Şehid-i Evvel’in (Birinci Şehidin) Burhanuddin-i Maliki Ve İbn-i Cemaat’in Fetvasıyla Şehit Edilmesi

Sünni alimlerin, Şia alimlerinin ilim ve amel iftiharlarına karşı yaptıkları feci amellerden birisi, Şam’ın iki büyük kadısı olan “Burhanuddin Maliki”‌ ve “İbad bin el-Cemaat eş- Şafii”‌nin fetvalarıdır. Bu iki kadı, Şia’nın büyük fakihlerinden olup ilim, takva ve zühtte kendi zamanının ileri gelenlerinden olan Ebu Abdullah Muhammed bin Cemaluddin-i Mekki el-Amili (Şehid-i Evvel)’nin katledilmesi için fetva sadır etmişlerdir.

Bu büyük fakihin yedi günde yazdığı “Lüme”‌ adlı eseri, (ki yanında Muhtasar-ı Nafi adlı kitabın dışında hiçbir fıkhi kitap olmadan yazmıştır) onun fıkıh ilmindeki gücü ve derinliğini göstermektedir. Hanefi, Maliki, Şafii ve Hanbeli mezhebinin alimleri onun ilminden çok faydalanmışlardır.

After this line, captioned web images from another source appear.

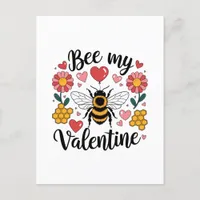 Punny Bee my Valentine Postcard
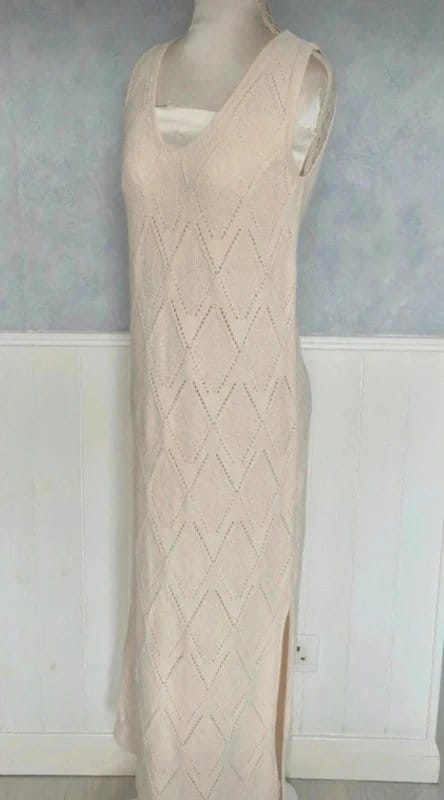 M&S Collection M&S Cream Pointelle Crochet Knit Maxi Beach Dress UK 8 10 Boho - 1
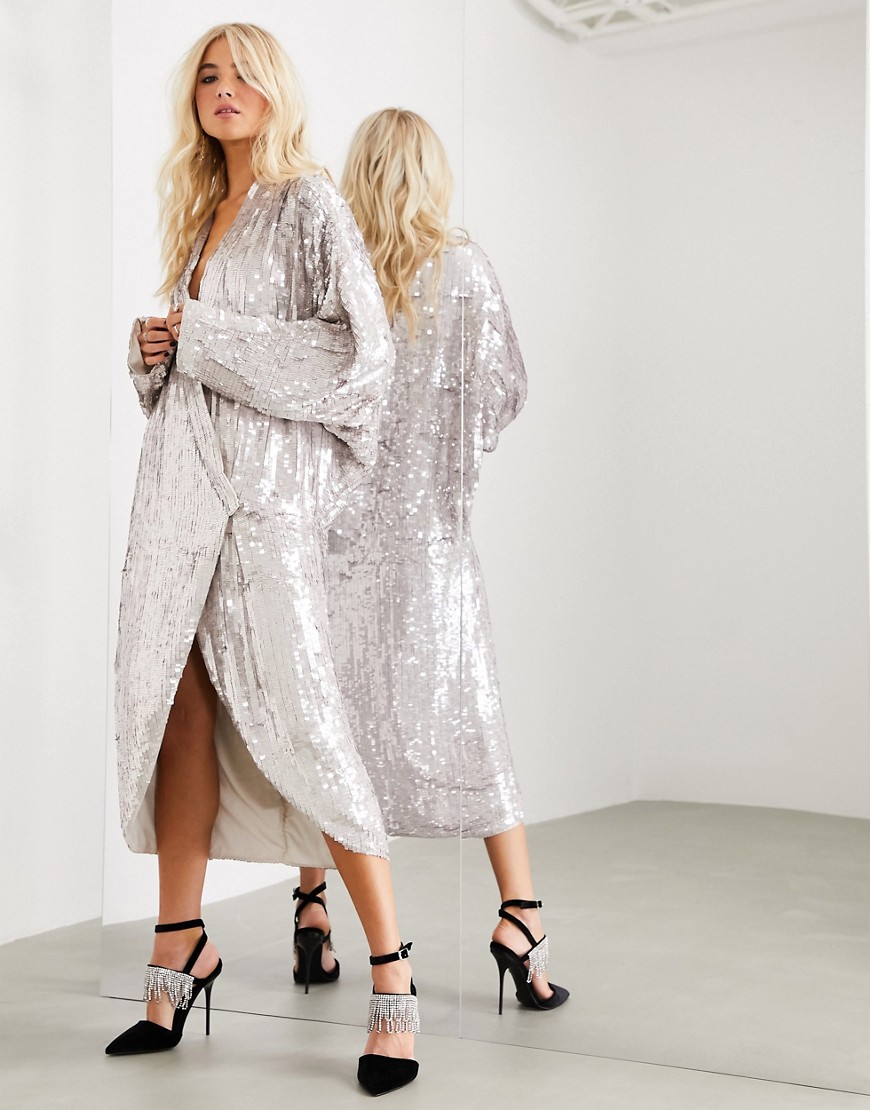 ASOS EDITION oversized embellished drape sleeve wrap midi dress-Silver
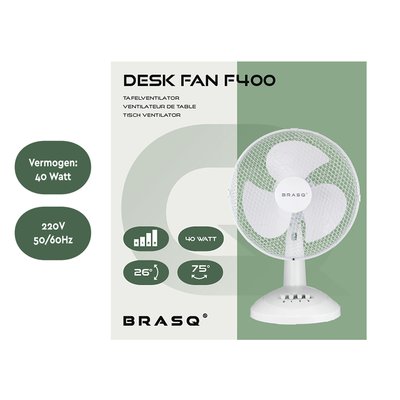 Ventilateur de table BRASQ F400 Ø 30cm blanc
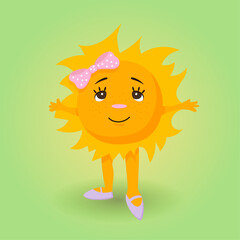 the sun smiles with a bow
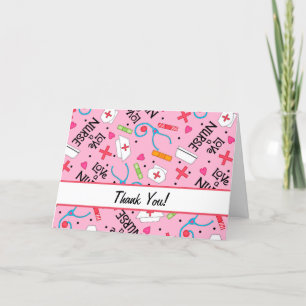 Liebe a Nurse Vielen Dank, Medical Art Pink Dankeskarte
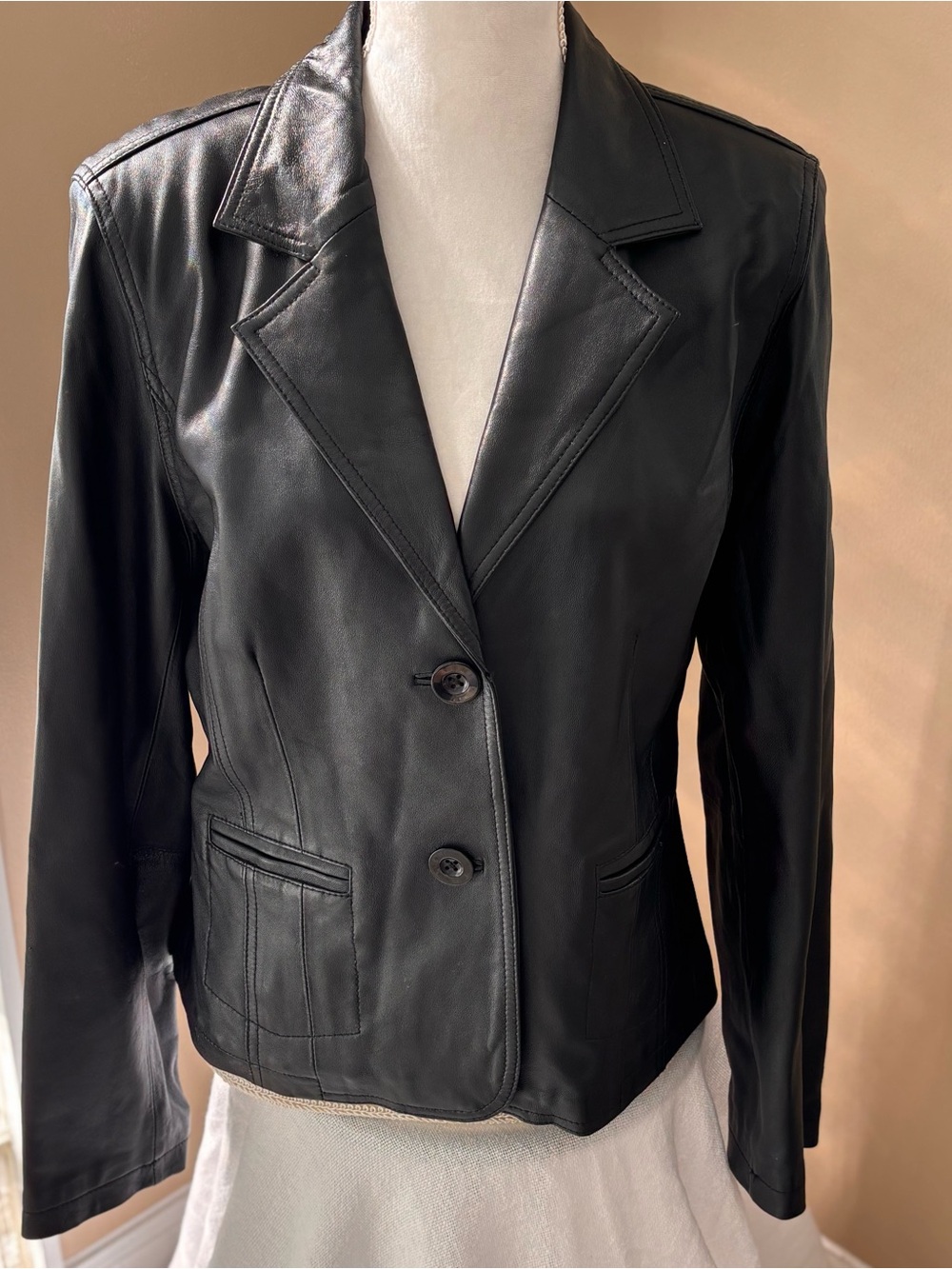 JohnPaulRichard Black Leather Blazer Jacket Size L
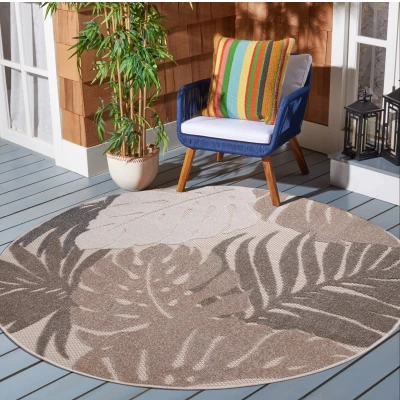Afbeelding van Binnen en Buiten Vloerkleed Floral Outdoor Laagpolig Tapijt Beige 120 cm rond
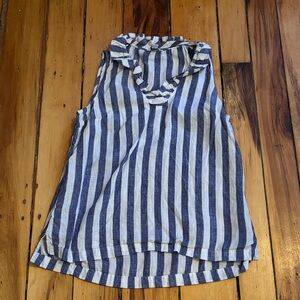 Blue and White Striped Linen Sleeveless Top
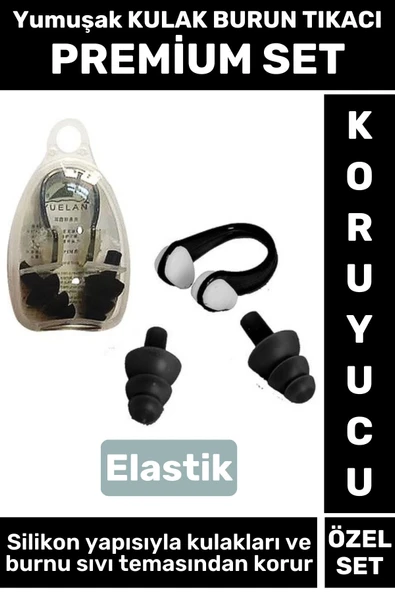 Set Elastik Yumuşak Havuz Deniz Su Sızdırma Gürültü Önleyici Kulak Burun Tikaci Seti̇ ürün görseli 1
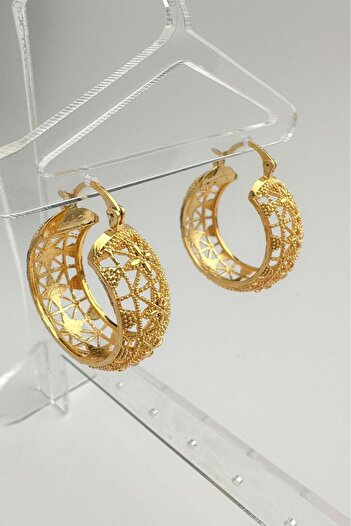 Modex Gold Yellow Solid Brass Basket Earrings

Sünnilerin aşırı baskıları yüzünden takıyye edip şialığını açıklamamasına rağmen Şam’ın büyük kadısı İbad bin el-Cemaat, bu rabbani alime haset ederek onu Rafızi ve şialık suçuyla Şam Valisi (Beydemir)’ne şikayet edip zindana attırdı. Zindanda bir yıl işkenceye tabi tutulduktan sonra Hicri 786. yılın Cemadi’ul- Evvel ayının dokuz veya on dokuzunda, o iki Sünni kadı (İbn’ul- Cemaat ve Burhanuddin)’nın fetvasıyla önce kılıçla öldürüp sonra bedenini darağacına astılar. Daha sonra onların tahrikiyle, müşrik ve Rafızi birisi darağacına asılmıştır diye avam halk tarafından taş yağmuruna tutulmuştur. Daha sonra cesedini darağacından indirip yakarak külünü rüzgarda savurmuşlardır. [6]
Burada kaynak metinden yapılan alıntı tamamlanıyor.